Swine VTEC has been reported to be associated with specific serogroups such as O138, O139 and O141 [19] and indeed, the major O serogroup identified in this study is O139. E. coli serotype O157:H7, which is commonly known to be a serious food-borne pathogen throughout the world, was not detected in this study. O139:H1, the most prevalent serotype in this study, has been reported worldwide to cause swine diseases such as PWD and oedema [2]. It has also been reported to be one of the major serotypes associated with diseased pigs [20]. The other two serotypes identified in this study were O130:H26 and O168:H21. O130:H26 is considered as a rare serotype as it has only been reported once and was isolated from the stool sample of a diarrhea patient [21] while E. coli with serotype O168:H21 has not been described in any study before. To the best of our knowledge, serotypes O130:H26 and O168:H21 have not been previously associated with swine diseases and are also considered as infrequently encountered E. coli serotypes.
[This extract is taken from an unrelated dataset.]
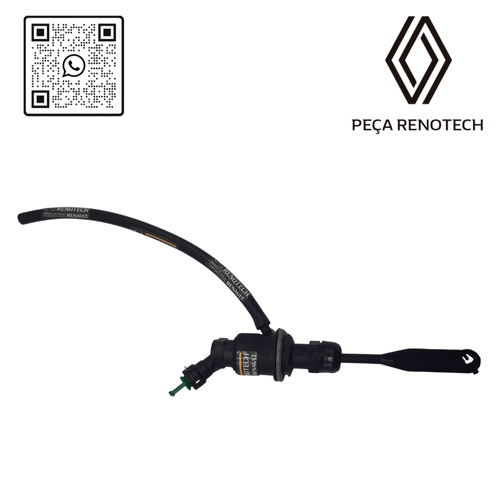 RN-07623R-306107623R--4-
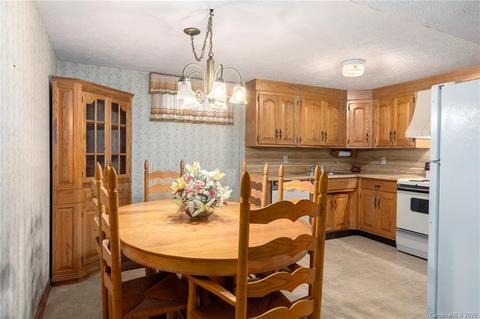 3600 Grapevine Rd, Marshall, NC 28753 photo 21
VTEC producing F4 and F18 fimbrial adhesins are one of the most common pathogens associated with diarrheas in pigs worldwide [2, 16]. In our study, the F18 fimbriae was the most common, which concurred with the findings of Vu Khac et al. [9] in Slovakia while other studies by Zhang et al. [16] and Madoroba et al. [22] showed that F4 was the prevalent type of fimbriae in pathogenic E. coli isolated from young piglets in the United States and Zimbabwe, respectively. The distribution of fimbriae types may vary for different geographical regions. Fairbrother et al. [2] also reported that ETEC serogroup O139 is often associated with the F18 fimbriae and these strains typically caused PWD in Australia and oedema in Europe. The detection of hemolysins of VTEC was also evaluated using molecular and phenotypic methods revealing the presence of α-hly but not E-hly. The presence of α-hly may serve as a virulence factor for our local VTEC isolates as it codes for pore forming cytolysins [2], which are capable of destroying red blood cells [23].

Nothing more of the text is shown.